Reliability refers to the consistency of a test, or the degree to which the test produces approximately the same results over time under similar conditions. Ultimately, reliability can be seen as a measure of a test's precision.
A number of different methods for estimating reliability can be used, depending on the types of items on the test, the characteristic(s) a test is intended to measure, and the test user's needs. The most commonly used methods to assess reliability are the test-retest, alternate form, and split-half methods. Each of these methods attempts to isolate particular sources and types of error.
Error is defined as variation due to extraneous factors. Such factors may be related to the test-taker, if for instance he or she is tired or ill the day of the test and it affects the score. Error may also be due to environmental factors in the testing situation, such as an uncomfortable room temperature or distracting noise.
Test-retest methods look at the stability of test scores over time by giving the same test to the same people after a reasonable time interval. These methods try to separate out the amount of error in a score related to the passing of time.
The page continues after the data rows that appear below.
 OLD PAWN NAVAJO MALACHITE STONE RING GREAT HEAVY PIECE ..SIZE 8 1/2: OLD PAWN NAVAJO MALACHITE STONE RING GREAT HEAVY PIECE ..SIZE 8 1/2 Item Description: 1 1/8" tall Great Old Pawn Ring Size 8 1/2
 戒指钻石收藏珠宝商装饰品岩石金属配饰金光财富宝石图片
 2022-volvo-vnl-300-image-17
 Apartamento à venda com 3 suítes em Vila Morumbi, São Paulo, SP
In test-retest studies, scores from the first administration of a test are compared mathematically through correlation with later score(s).
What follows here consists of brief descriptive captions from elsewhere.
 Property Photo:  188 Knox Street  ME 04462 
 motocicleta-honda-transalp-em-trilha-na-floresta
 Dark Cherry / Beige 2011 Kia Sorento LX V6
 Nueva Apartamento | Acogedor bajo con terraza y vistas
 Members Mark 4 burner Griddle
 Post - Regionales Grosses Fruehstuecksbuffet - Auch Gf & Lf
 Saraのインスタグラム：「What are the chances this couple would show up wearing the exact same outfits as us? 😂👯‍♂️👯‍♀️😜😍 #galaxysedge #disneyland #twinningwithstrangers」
Test-retest methods have some serious limitations, one of the most important being that the first test-taking experience may affect performance on the second test administration. For instance, the individual may perform better at the second testing, having learned from the first experience. Moreover, tests rarely show perfect test-retest reliability because many factors unrelated to the tested characteristic may affect the test score. In addition, test-retest methods are only suitable to use with tests of characteristics that are assumed to be stable over time, such as intelligence. They are unsuitable for tests of unstable characteristics like emotional states such as anger or anxiety.
The alternate-form method of assessing reliability is very similar to test-retest reliability except that a different form of the test in question is administered the second time. Here two forms of a test are created to be as similar as possible so that individual test items should cover the same material at the same level of ease or difficulty. The tests are administered to a sample and the scores on the two tests are correlated to yield a coefficient of equivalence. A high coefficient of equivalence indicates the overall test is reliable in that most or all of the items seem to be assessing the same characteristic. Low coefficients of equivalence indicate the two test forms are not assessing the same characteristic.
Alternate form administration may be varied by the time interval between testing. Alternate form with immediate testing tries to assess error variance in scores due to various errors in content sampling. Alternate form with delayed administration tries to separate out error variance due to both the passage of time and to content sampling. Alternate-form reliability methods have many of the same limitations as test-retest methods.
Split-half reliability methods consist of a number of methods used to assess a test's internal consistency, or the degree to which all of the items are assessing the same characteristic. In split-half methods a test is divided into two forms and scores on the two forms are correlated with each other. This correlation coefficient is called the coefficient of reliability. The most common way to split the items is to correlate even-numbered items with odd-numbered items.